Novo Integrated Sciences Inc.

03/19/2024 | Press release | Distributed by Public on 03/19/2024 14:06

Material Agreement - Form 8-K

Item 1.01. Entry into a Material Definitive Agreement.

As previously reported on the Current Report on Form 8-K filed on April 27, 2023 with the Securities and Exchange Commission (the "SEC"), Novo Integrated Sciences, Inc. (the "Company") entered into a securities purchase agreement (the "SPA"), dated April 26, 2023, with RC Consulting Group LLC in favor of SCP Tourbillion Monaco or registered assigns (the "Holder"), pursuant to which the Company issued an unsecured 15-year promissory note to the Holder (the "Note") with a maturity date of April 26, 2038, in the principal sum of $70,000,000, which amount represents the $57,000,000 purchase price plus a yield (non-compounding) of 1.52% (zero coupon) per annum from the issue date.

The Note contains customary events of default relating to, among other things, payment defaults, breach of representations and warranties, and breach of provisions of the SPA or the Note. Upon the occurrence of any Event of Default (as defined in the Note), the Note is to become immediately due and payable, and the Company will pay to the Holder, in full satisfaction of its obligations thereunder, an amount equal to the principal amount then outstanding plus accrued interest (including any default interest) through the date of full repayment multiplied by 125%, as well as costs, including, without limitation, legal fees and expenses, of collection, all without demand, presentment or notice.

As previously reported on the Company's Current Report on Form 8-K, filed with the SEC on February 15, 2024, the Company received a notification letter (the "Notification Letter") from The Nasdaq Stock Market, LLC ("Nasdaq") on February 9, 2024, indicating that the Company was not in compliance with the minimum bid price requirements set forth in Nasdaq Listing Rule 5550(a)(2) for continued listing on The Nasdaq Capital Market (the "Minimum Bid Price Requirement").
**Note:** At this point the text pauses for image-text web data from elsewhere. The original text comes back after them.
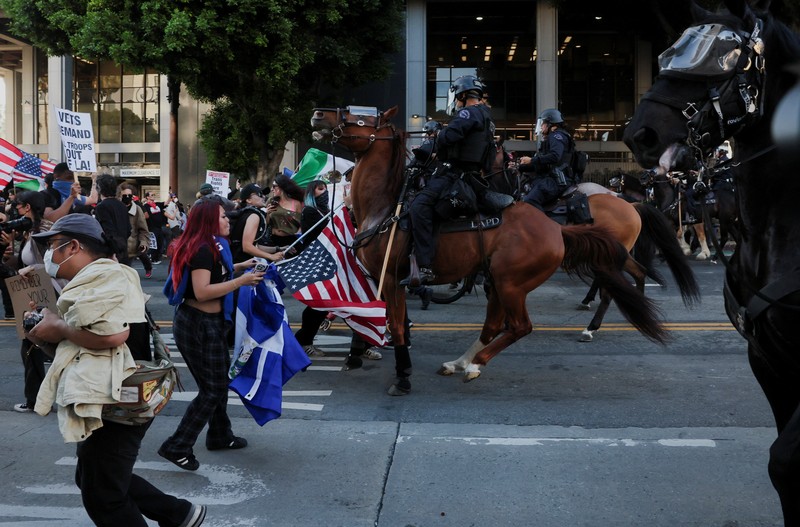 USA-MIGRATION/PROTEST-LOS ANGELES Police officers ride horses as they attempt to disperse protesters demonstrating against federal immigration sweeps, in downtown Los Angeles, California, U.S. June 11, 2025. REUTERS/David Ryder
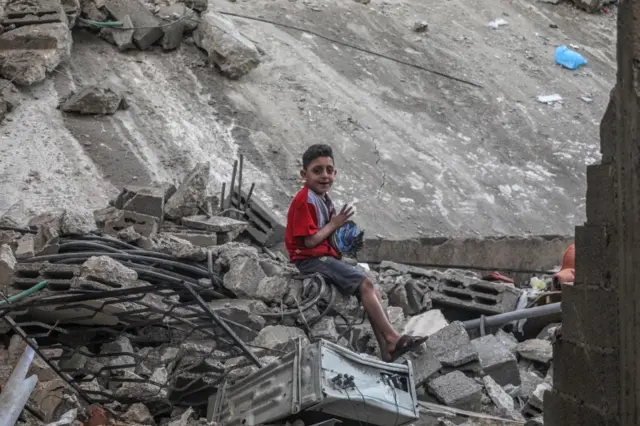 A Palestinian boy sits at the rubble of the destroyed house in Gaza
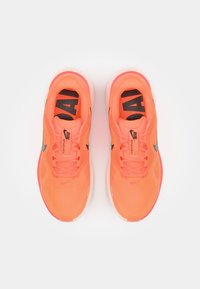 Orange Sport Schuhe mit einem Mesh-Obermaterial, schwarzen Akzenten und minimalen weißen Details. Sie verfügen über eine gemusterte Sohle und strukturierte Schnürsenkel.
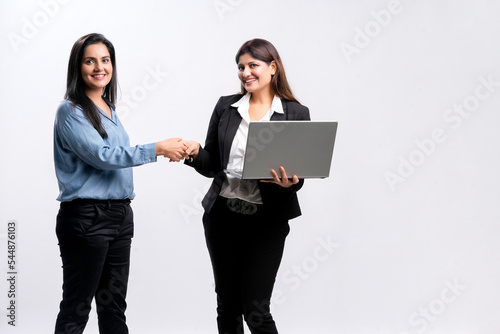Two indian Businesswomen Shaking Hands on white background.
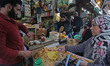 People are purchasing a variety of bread at a market on the first day of Ramadan in Srinag...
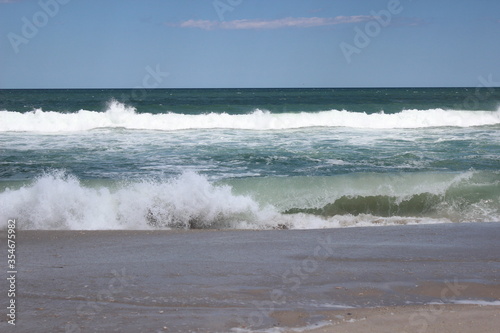 Waves splashing up on the beach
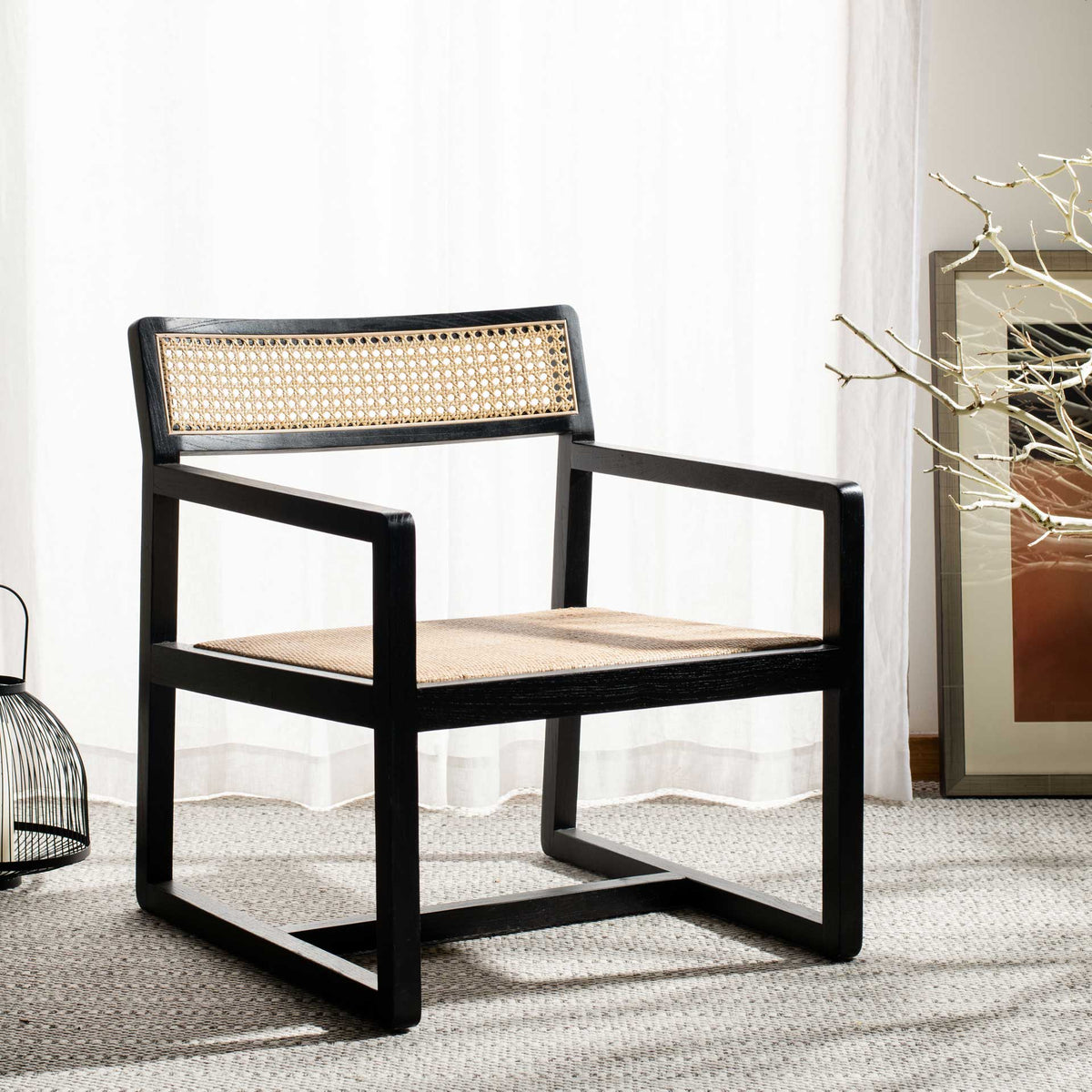 Black wood arms and warm cane details bring graphic contrast to a light, airy interior.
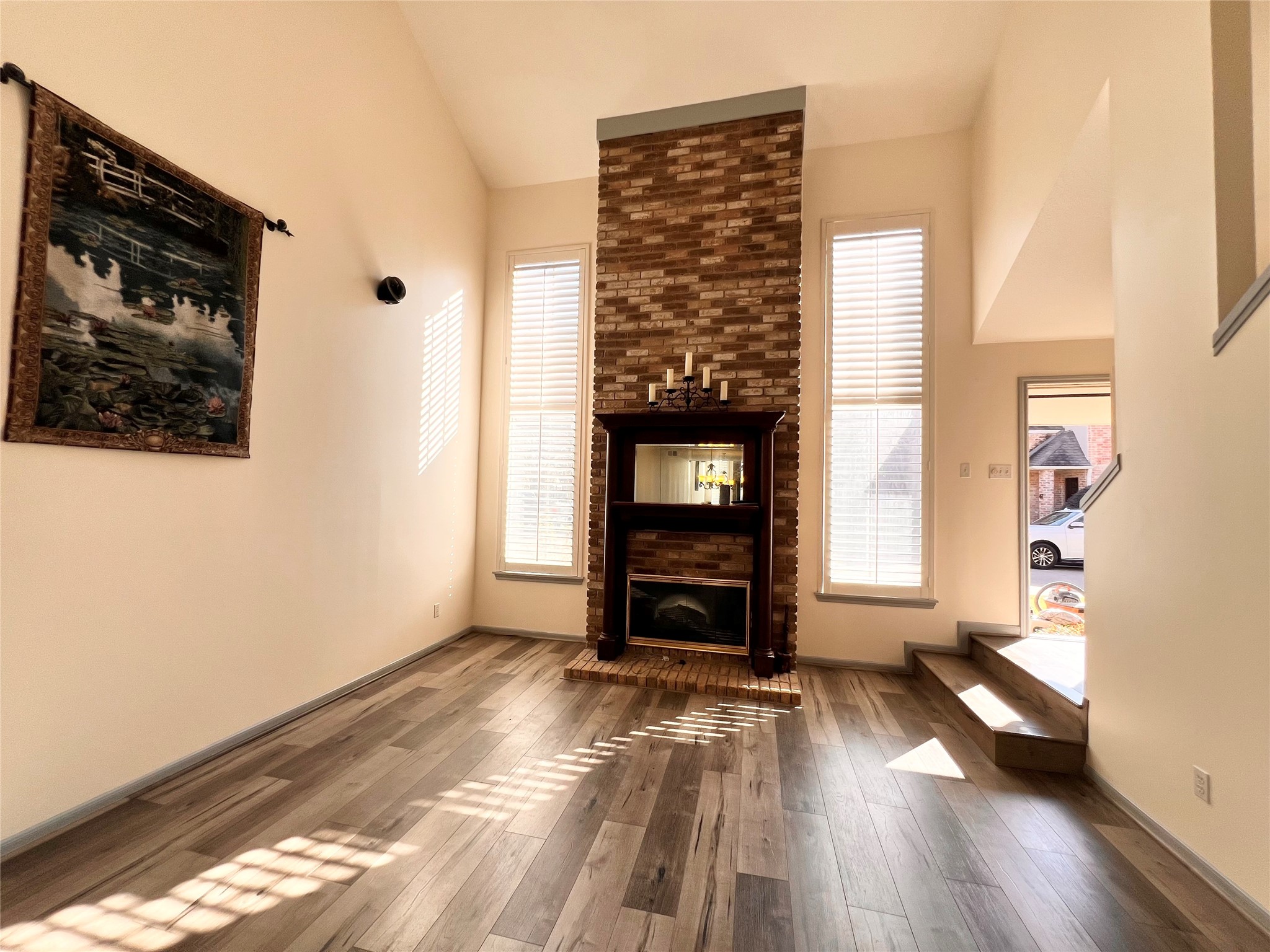 727 Bunker Hill Road, Unit 92 Houston, TX 77024 - Photo 4 of 36 a view of empty room with wooden floor and fan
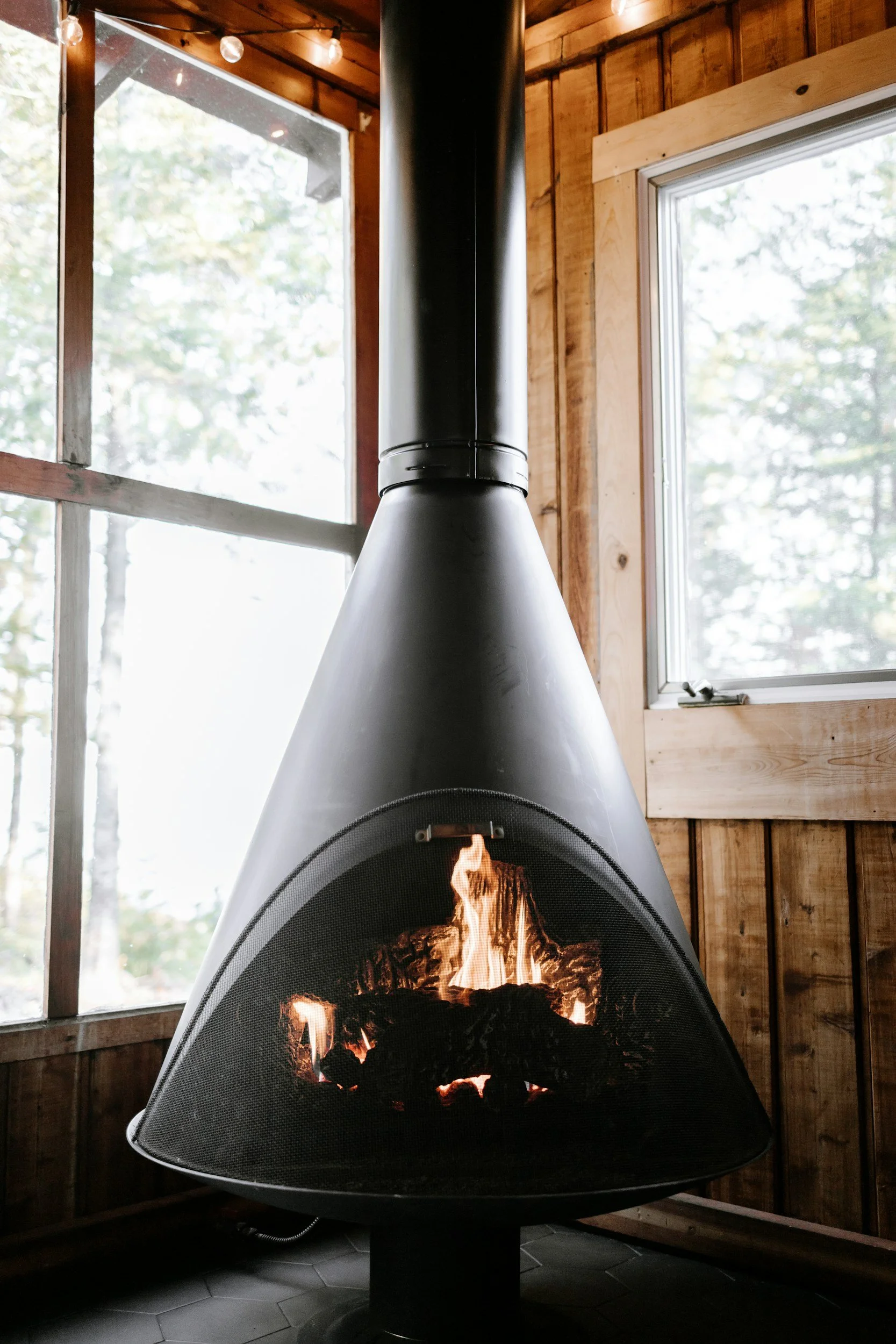 A wood stove burning beside windows looking out on snowy trees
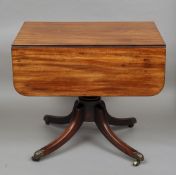 A 19th century mahogany pedestal Pembroke table
The hinged twin flap rectangular top above a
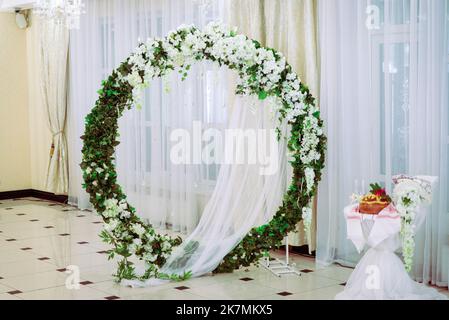 Hochzeitszeremonie. Sehr schöner und stilvoller Hochzeitbogen, geschmückt mit verschiedenen frischen Blumen, im Garten stehend. Hochzeitstag. Frische Blumen de Stockfoto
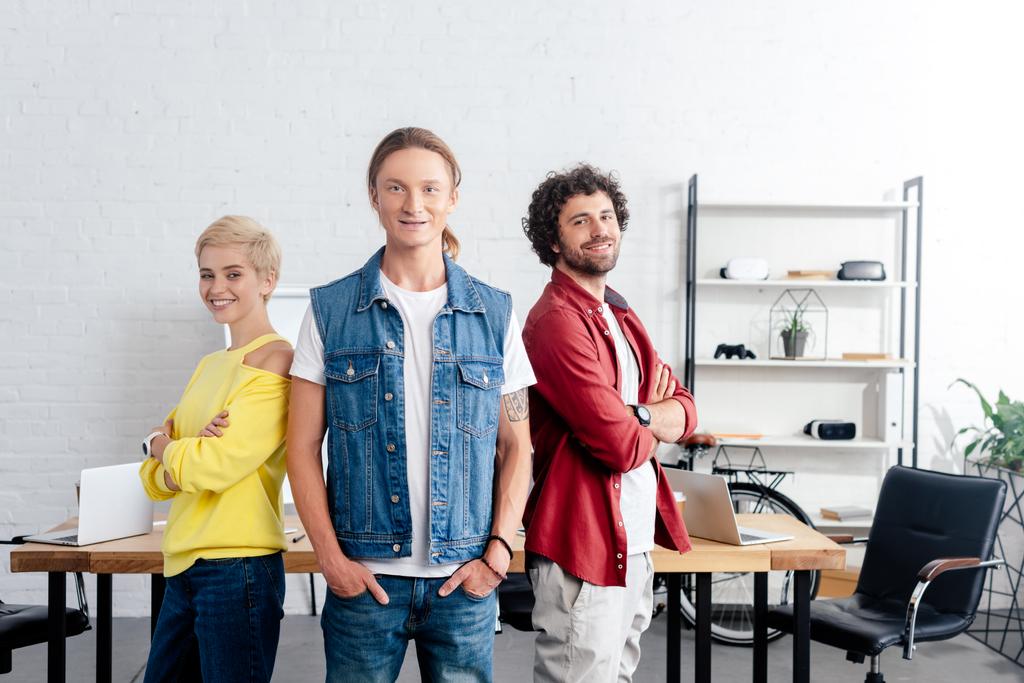 młody biznes drużyna stojąc razem i uśmiecha się do kamery w biurze  - Zdjęcie, obraz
According to the SPA, the Company's non-compliance with the Minimum Bid Price Requirement constituted an Event of Default under the terms of the SPA and Note.

Also as previously reported on the Company's Current Report on Form 8-K filed with the SEC on February 20, 2024, the Company and the Holder entered into a Limited Waiver (the "Initial Waiver") exempting any determination of non-compliance associated with the Minimum Bid Price Requirement, and is solely related to any notice of deficiency in accordance with the Minimum Bid Price Requirement but does not extend to any delisting associated with the Minimum Bid Price Requirement under the SPA and the Note. Nothing in the Initial Waiver is be deemed to: (1) constitute a waiver, modification or amendment of any other term, provision or condition of the SPA or any other instrument or agreement referred to therein; (2) prejudice any right or remedy that the Holder may now have or may have in the future under or in connection with the SPA or any other instrument or agreement referred to therein, except as otherwise set forth therein.

All other provisions and conditions of the SPA and any other documents related to the SPA remained in full force and effect.

As previously reported on the Company's Current Report on Form 8-K filed on March 18, 2024 with the SEC, on March 18, 2024, the Company entered into the Assignment of Security Purchase Agreement and Promissory Note (the "Assignment") with RC Consulting Group LLC and RC Consulting Consortium Group LLC. Pursuant to the terms of the Assignment, RC Consulting Group LLC assigned and transferred to RC Consulting Consortium Group LLC all of RC Consulting Group LLC's right, title, claim and interest in and to the SPA and the Note, and RC Consulting Consortium Group LLC agreed to assume the same. Except as set forth in the Assignment, the terms of the SPA and the Note, each as amended from time to time, including by the Initial Waiver, remain in full force and effect.